Doesn’t that sound like the perfect job for Kareem Jackson? A downhill, physical enforcer who has the ability to drop coverage and play some corners?

It sounds perfect to the analyst. Jackson and Sterns will likely swap 2021 responsibilities this offseason, and the defense should be better off for it.

4. PJ Locke

For several offseasons, PJ Locke was one of the Fangio staff’s favorite players thanks to his lauded work ethic and intelligence. As a result, Locke slowly climbed the depth chart, from undrafted afterthought to valuable special teams contributor and trusted backup.

As Fangio’s staff was swept out, and Hackett’s staff entered the building, it felt like Locke was being sent back to square one, with the odds stacked against him. However, after observing his utilization at the Broncos’ OTAs and minicamp practices, it feels like Locke is still a major part of the new staff’s plans – as he should be.

Unfortunately for Locke, it would be virtually impossible for him to supplant any of the names ahead of him this season, but he should still see the field more in 2022 than he has in any other season, and Jackson’s advanced age leaves the door cracked for Locke to earn a bigger role on defense.

5. Delarrin Turner-Yell

Finding much playing time on defense for Delarrin Turner-Yell in this loaded safety room may be difficult for Nathaniel Hackett and Ejiro Evero to figure out, but his skill set should translate to special teams immediately.

Turner-Yell is an intelligent, instinctive, fiery and physical safety who is at his best when attacking downhill and sorting through traffic. He has a natural feel for where the ball is, and when he fires at a target, he almost always connects and brings his man down.

That sounds like the perfect skill set for anyone who can help upgrade the Broncos’ punt and kick coverage units.

However, Turner-Yell showed lapses in his discipline while at Oklahoma, sometimes being over-aggressive, over-pursuing, taking a bad angle, and allowing a big play. This tendency also shows up in coverage, and he’ll need some time to refine his skills in that aspect of the game. Nonetheless, his special teams prowess should earn him a roster spot and some playing time as a rookie.

6. JR Reed

The Broncos did Just sign JR Reed this offseason, but it’s difficult to see how he fits in with the limited roster spots and Denver didn’t invest enough in him to guarantee a roster spot. They’re only paying Reed $ 895,000, and there’s no dead cap hit for cutting him.

Meanwhile, they’ve just invested in Turner-Yell, and Locke has been lighting it up at OTAs, as he has for years now.

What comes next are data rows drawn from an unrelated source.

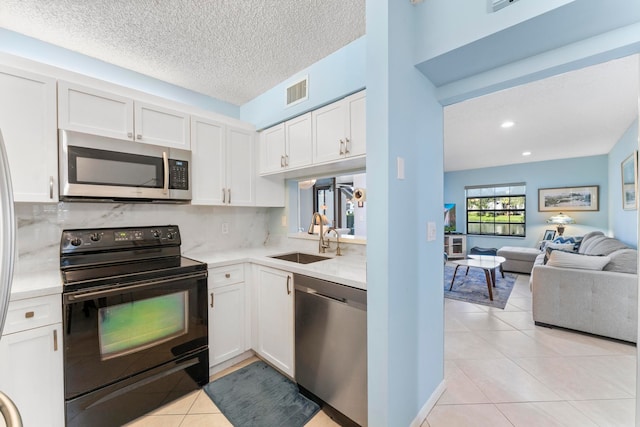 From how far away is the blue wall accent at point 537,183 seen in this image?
5.81 metres

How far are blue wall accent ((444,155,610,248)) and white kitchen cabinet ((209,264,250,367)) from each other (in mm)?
7188

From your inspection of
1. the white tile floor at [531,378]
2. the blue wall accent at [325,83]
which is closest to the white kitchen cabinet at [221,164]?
the blue wall accent at [325,83]

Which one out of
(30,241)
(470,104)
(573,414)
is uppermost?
(470,104)

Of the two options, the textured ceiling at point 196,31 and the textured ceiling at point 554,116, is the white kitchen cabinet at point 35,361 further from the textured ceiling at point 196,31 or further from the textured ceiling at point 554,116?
the textured ceiling at point 554,116

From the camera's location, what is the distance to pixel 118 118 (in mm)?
1922

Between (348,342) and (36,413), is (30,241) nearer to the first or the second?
(36,413)

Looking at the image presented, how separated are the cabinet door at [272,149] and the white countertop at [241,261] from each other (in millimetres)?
891

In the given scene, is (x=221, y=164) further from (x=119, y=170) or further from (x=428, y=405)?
(x=428, y=405)

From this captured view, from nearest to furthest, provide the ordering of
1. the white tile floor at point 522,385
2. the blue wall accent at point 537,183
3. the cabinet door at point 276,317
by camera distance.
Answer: the white tile floor at point 522,385 < the cabinet door at point 276,317 < the blue wall accent at point 537,183

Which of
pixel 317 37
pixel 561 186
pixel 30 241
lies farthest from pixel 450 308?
pixel 561 186

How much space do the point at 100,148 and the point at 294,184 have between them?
1.71 meters

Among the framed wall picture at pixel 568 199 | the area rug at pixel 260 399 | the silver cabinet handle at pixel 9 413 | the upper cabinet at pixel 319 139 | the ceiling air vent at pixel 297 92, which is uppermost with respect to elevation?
the ceiling air vent at pixel 297 92

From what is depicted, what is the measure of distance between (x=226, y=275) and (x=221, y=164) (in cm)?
104

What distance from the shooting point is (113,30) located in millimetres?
1880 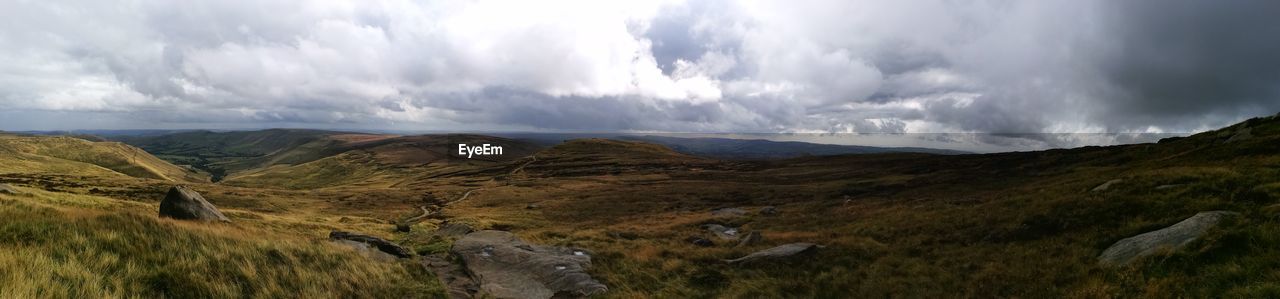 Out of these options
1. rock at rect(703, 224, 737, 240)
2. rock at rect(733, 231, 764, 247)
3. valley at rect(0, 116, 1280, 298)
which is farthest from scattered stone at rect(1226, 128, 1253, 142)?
rock at rect(733, 231, 764, 247)

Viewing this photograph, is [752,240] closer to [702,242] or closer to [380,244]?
[702,242]

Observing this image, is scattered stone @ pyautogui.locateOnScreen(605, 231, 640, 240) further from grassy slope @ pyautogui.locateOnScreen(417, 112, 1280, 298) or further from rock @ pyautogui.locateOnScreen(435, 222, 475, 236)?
rock @ pyautogui.locateOnScreen(435, 222, 475, 236)

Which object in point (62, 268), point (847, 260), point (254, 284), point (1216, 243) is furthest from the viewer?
A: point (847, 260)

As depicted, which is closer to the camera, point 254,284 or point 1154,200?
point 254,284

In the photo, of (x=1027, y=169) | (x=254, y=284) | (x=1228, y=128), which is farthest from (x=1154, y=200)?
(x=1228, y=128)

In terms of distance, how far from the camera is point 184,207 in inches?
990

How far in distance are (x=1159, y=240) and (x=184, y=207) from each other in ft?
131

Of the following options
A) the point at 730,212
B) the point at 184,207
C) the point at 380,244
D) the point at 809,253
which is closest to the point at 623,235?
the point at 809,253

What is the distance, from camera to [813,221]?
35000 mm

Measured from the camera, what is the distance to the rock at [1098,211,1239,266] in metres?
13.4

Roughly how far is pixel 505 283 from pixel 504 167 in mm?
144567

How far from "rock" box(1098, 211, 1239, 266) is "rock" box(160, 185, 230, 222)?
3728cm

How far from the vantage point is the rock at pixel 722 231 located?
3247 centimetres

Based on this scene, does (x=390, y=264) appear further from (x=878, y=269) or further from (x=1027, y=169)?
(x=1027, y=169) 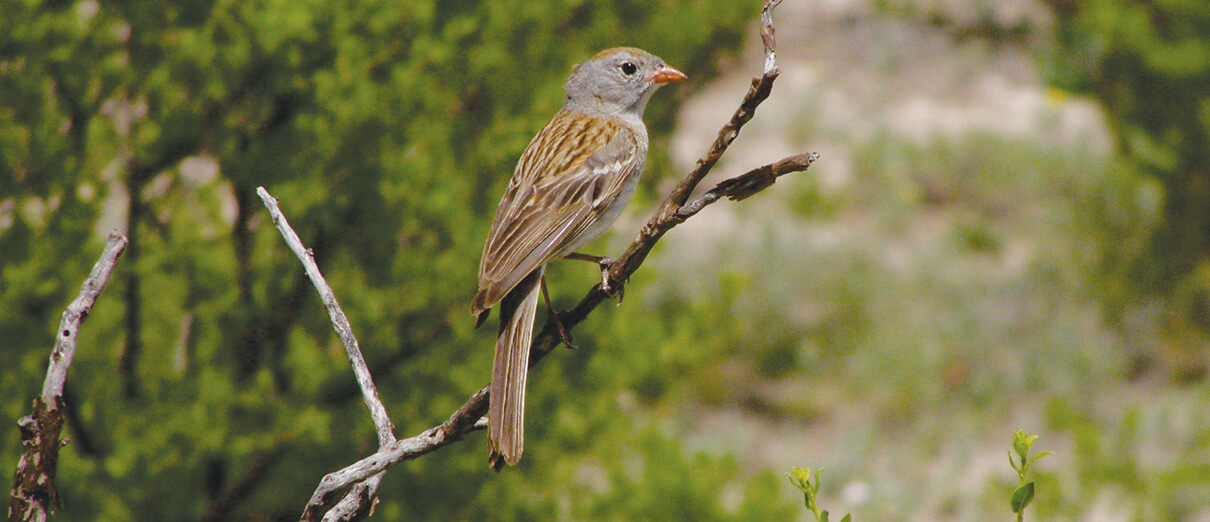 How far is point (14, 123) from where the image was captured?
3.55m

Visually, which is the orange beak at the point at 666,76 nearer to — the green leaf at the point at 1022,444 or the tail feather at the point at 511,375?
the tail feather at the point at 511,375

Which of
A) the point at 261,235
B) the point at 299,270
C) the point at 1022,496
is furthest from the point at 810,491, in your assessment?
the point at 261,235

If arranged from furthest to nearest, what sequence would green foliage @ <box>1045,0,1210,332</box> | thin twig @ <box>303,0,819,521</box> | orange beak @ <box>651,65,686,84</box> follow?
green foliage @ <box>1045,0,1210,332</box> < orange beak @ <box>651,65,686,84</box> < thin twig @ <box>303,0,819,521</box>

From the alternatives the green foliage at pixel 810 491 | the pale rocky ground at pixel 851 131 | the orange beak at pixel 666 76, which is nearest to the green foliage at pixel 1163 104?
the pale rocky ground at pixel 851 131

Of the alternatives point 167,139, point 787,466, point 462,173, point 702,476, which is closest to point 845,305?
point 787,466

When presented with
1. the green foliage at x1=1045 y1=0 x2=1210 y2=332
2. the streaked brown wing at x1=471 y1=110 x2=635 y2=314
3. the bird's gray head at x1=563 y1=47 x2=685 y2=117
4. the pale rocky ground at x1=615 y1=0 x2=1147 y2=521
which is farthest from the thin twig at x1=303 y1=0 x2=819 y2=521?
the green foliage at x1=1045 y1=0 x2=1210 y2=332

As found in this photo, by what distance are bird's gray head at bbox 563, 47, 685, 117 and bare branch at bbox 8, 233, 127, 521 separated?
1624mm

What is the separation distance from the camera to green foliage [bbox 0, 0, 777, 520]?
12.0ft

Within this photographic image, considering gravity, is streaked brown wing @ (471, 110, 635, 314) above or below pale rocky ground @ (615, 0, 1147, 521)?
below

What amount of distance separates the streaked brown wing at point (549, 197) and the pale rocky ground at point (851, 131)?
3357 millimetres

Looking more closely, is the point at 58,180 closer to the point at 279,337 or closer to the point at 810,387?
the point at 279,337

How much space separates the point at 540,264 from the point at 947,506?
6.54 m

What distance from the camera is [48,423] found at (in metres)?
1.59

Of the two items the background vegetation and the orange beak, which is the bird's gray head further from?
the background vegetation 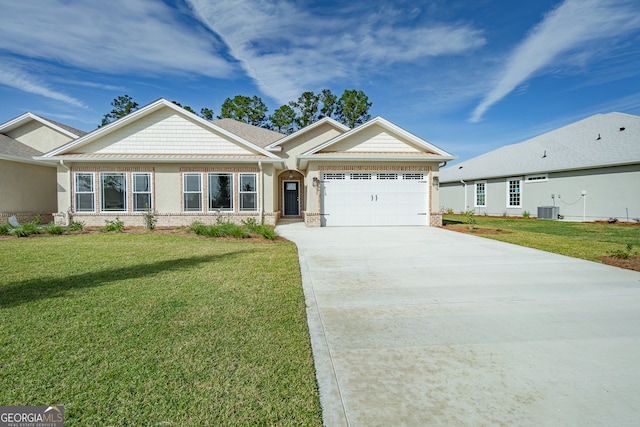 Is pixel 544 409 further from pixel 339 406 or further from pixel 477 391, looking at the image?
pixel 339 406

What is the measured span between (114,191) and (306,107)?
31.0m

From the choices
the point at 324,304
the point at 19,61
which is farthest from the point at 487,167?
the point at 19,61

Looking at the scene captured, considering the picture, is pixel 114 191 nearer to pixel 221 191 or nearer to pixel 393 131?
pixel 221 191

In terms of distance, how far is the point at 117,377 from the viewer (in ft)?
8.61

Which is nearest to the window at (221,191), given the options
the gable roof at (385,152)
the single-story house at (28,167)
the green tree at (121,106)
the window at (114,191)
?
the gable roof at (385,152)

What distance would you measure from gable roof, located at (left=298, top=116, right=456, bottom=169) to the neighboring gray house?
10.1 metres

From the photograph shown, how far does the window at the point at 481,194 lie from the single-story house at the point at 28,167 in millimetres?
28596

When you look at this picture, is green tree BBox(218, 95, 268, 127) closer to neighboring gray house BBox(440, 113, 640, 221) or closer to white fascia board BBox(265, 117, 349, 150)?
white fascia board BBox(265, 117, 349, 150)

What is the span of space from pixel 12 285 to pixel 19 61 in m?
18.1

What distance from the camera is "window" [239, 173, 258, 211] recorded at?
15.6m

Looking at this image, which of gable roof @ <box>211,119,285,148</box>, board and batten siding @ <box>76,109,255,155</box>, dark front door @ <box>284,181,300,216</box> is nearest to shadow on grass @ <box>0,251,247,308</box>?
board and batten siding @ <box>76,109,255,155</box>

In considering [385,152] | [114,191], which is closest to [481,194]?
[385,152]

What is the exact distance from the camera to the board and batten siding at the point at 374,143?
50.8 feet

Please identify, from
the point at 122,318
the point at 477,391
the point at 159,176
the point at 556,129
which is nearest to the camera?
the point at 477,391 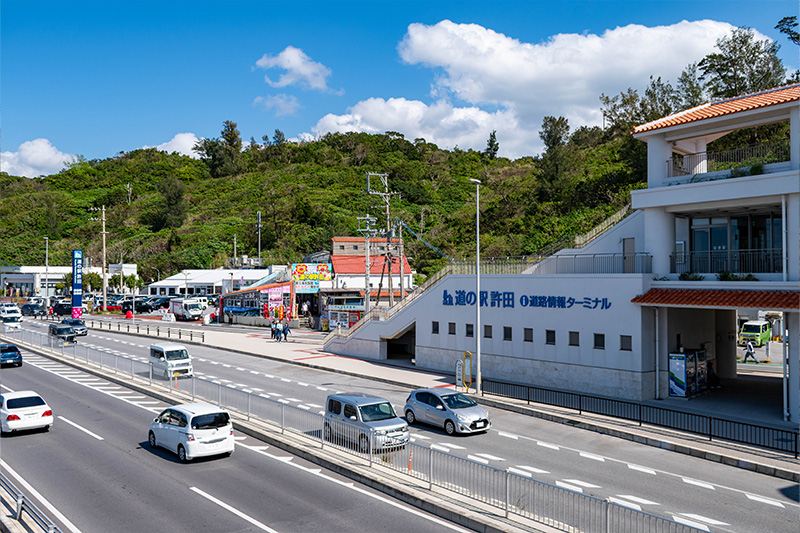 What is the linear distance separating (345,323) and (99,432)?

It feels like this regime brought Reed into a special teams ace, but Locke has already proven to be a high-end special teams player in past seasons, while Turner-Yell has traits that make it easy to project him as a major. Special teams contributor early in his career.

7. Jamar Johnson

If you were to do the same exercise immediately after the 2021 NFL Draft, Jamar Johnson would have found himself ranked third in a fairly shallow safety room, with plenty of opportunities to expand his role.

Unfortunately, it didn’t work out that way for Johnson. Injuries limited him throughout last year’s offseason programs, and the Sterns quickly gained the leg-up on the depth chart. Locke also proved to be a more reliable special teamer and tackler than Johnson, and quickly, he found himself buried with little-to-no playing time.

There was some hope he could rebound from the rough start this season, but seeing the team add Turner-Yell and Reed, and bring Jackson back, feels like a no-confidence vote.

Johnson will probably be released sometime in August, but his pre-draft pedigree was good enough that he’ll get a new opportunity with a second team soon after.